Hi all,
I'm trying to insert some documents in mongodb using hadoop connector with Spark (using Python).
By now, I am able to connect to mongo and get the collection. My problem is that I can't find a way to insert the document and send it back to database. Actually, the collection is sent back but it is empty without the document I tryed to insert.

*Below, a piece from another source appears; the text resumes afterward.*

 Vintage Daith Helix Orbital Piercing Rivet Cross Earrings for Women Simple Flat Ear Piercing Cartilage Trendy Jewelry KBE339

Could anyone help me with this?
Thanks,
Marcus
Below is the code I'm using:
__author__ = 'marcusrehm'
from pyspark import SparkContext
import xmltodict, json
nfce = open('D:/35150400776574000741550030073022671331273267.xml','r')
o = xmltodict.parse(nfce)
# set up parameters for reading from MongoDB via Hadoop input format
config = {"mongo.input.uri": "mongodb://ds.mongolab.com:39250/td.nf",
"mongo.input.split.create_input_splits": "false",
"mongo.output.uri": "mongodb://ds.mongolab.com:39250/td.nf"}
inputFormatClassName = "com.mongodb.hadoop.MongoInputFormat"
outputFormatClassName = "com.mongodb.hadoop.MongoOutputFormat"
# these values worked but others might as well
keyClassName = "org.apache.hadoop.io.Text"
valueClassName = "org.apache.hadoop.io.MapWritable"
# read the nfc-e from MongoDB into Spark RDD format
sc = SparkContext()
nfRDD = sc.newAPIHadoopRDD(inputFormatClassName, keyClassName, valueClassName, None, None, config)
notasRDD.map(None, o)
notasRDD.saveAsNewAPIHadoopFile("file:///placeholder", outputFormatClassName, None, None, None, None, config)